Resource Binding in Microsoft DirectX 12. Performance Issues

Let's take a closer look at resource mapping on Intel platforms. Now this is especially true in connection with the release of the 6th generation of Intel Core processor family (Skylake) and with the release of the Windows 10 operating system, which took place on July 29th.
In a previous article, Introducing Resource Binding in Microsoft DirectX * 12 , new ways to bind resources in DirectX 12 were described. The conclusion from this article was this: if you have such a wide choice, the main task is to choose the best binding mechanism for the target GPU, the best Resource types and how often they are updated.
This article describes the selection of various resource binding mechanisms to efficiently run applications on specific Intel GPUs.

Instruments

The development of games based on DirectX 12 requires the following:

Windows 10.
Visual Studio * 2013 or later.
The DirectX 12 SDK included in Visual Studio.
GPU and drivers that support DirectX 12.

Overview

A descriptor is a data block that describes an object for a GPU in an "opaque" format intended for a GPU. The following handles are supported in DirectX 12, which were previously called “resource views” in DirectX 11:

Constant Buffer Representation (CBV).
Shader Resource Representation (SRV).
Representation of unordered access (UAV).
Presenter sampler (SV).
Presentation of the target rendering (RTV).
Depth Template Representation (DSV).
Other.

These descriptors or resource representations can be considered a structure (block) that is consumed by the front end of the graphics processor. The size of the descriptors is approximately 32–64 bytes. The handles contain information about the size of the textures, their format and layout.
Descriptors are stored in a heap of descriptors, which is a sequence of structures in memory.

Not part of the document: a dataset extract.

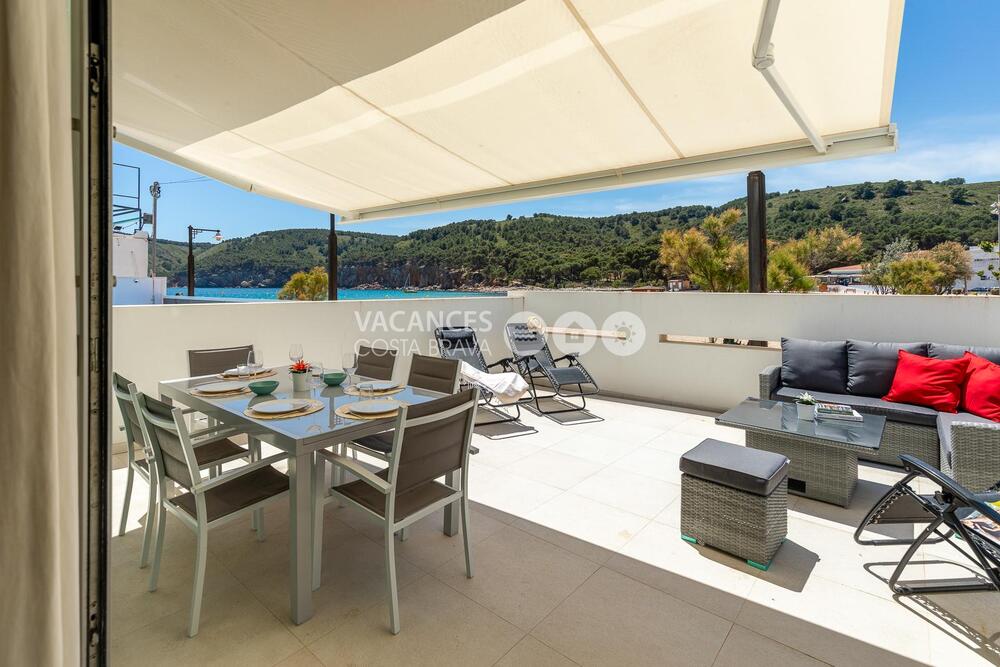 MONTGO-PLATJA-2 MONTGÓ PLATJA 2 Apartamento Cala Montgó L'Escala MONTGO-PLATJA-2 MONTGÓ PLATJA 2 Apartamento Cala Montgó L'Escala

The descriptor table points to descriptors on the heap using offset values. The table maps a continuous range of descriptors to the shader cells, making them accessible using a root signature. A root signature can also contain root constants, root descriptors, and static samplers.

Figure 1. Descriptors, heap of descriptors, descriptor tables, root signature
')
Figure 1 shows the relationship between descriptors, a bunch of descriptors, descriptor tables, and a root signature.
The code described in Figure 1 looks like this.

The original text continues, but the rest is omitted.